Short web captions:
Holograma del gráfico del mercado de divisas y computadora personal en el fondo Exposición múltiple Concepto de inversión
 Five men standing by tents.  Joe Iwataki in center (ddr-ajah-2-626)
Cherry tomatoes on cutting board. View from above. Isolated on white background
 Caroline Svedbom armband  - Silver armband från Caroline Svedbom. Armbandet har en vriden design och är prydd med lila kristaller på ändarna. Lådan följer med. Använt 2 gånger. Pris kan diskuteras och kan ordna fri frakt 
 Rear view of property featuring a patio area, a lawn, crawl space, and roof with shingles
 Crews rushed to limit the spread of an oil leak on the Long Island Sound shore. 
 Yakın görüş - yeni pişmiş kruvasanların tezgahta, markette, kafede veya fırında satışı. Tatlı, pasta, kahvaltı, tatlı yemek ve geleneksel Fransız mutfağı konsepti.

### [HOW TO COMPLETE THIS TASK]
What you should do is return the records above exactly, leaving nothing out.

### [ANSWER BOX]
Holograma del gráfico del mercado de divisas y computadora personal en el fondo Exposición múltiple Concepto de inversión
 Five men standing by tents.  Joe Iwataki in center (ddr-ajah-2-626)
Cherry tomatoes on cutting board. View from above. Isolated on white background
 Caroline Svedbom armband  - Silver armband från Caroline Svedbom. Armbandet har en vriden design och är prydd med lila kristaller på ändarna. Lådan följer med. Använt 2 gånger. Pris kan diskuteras och kan ordna fri frakt 
 Rear view of property featuring a patio area, a lawn, crawl space, and roof with shingles
 Crews rushed to limit the spread of an oil leak on the Long Island Sound shore. 
 Yakın görüş - yeni pişmiş kruvasanların tezgahta, markette, kafede veya fırında satışı. Tatlı, pasta, kahvaltı, tatlı yemek ve geleneksel Fransız mutfağı konsepti.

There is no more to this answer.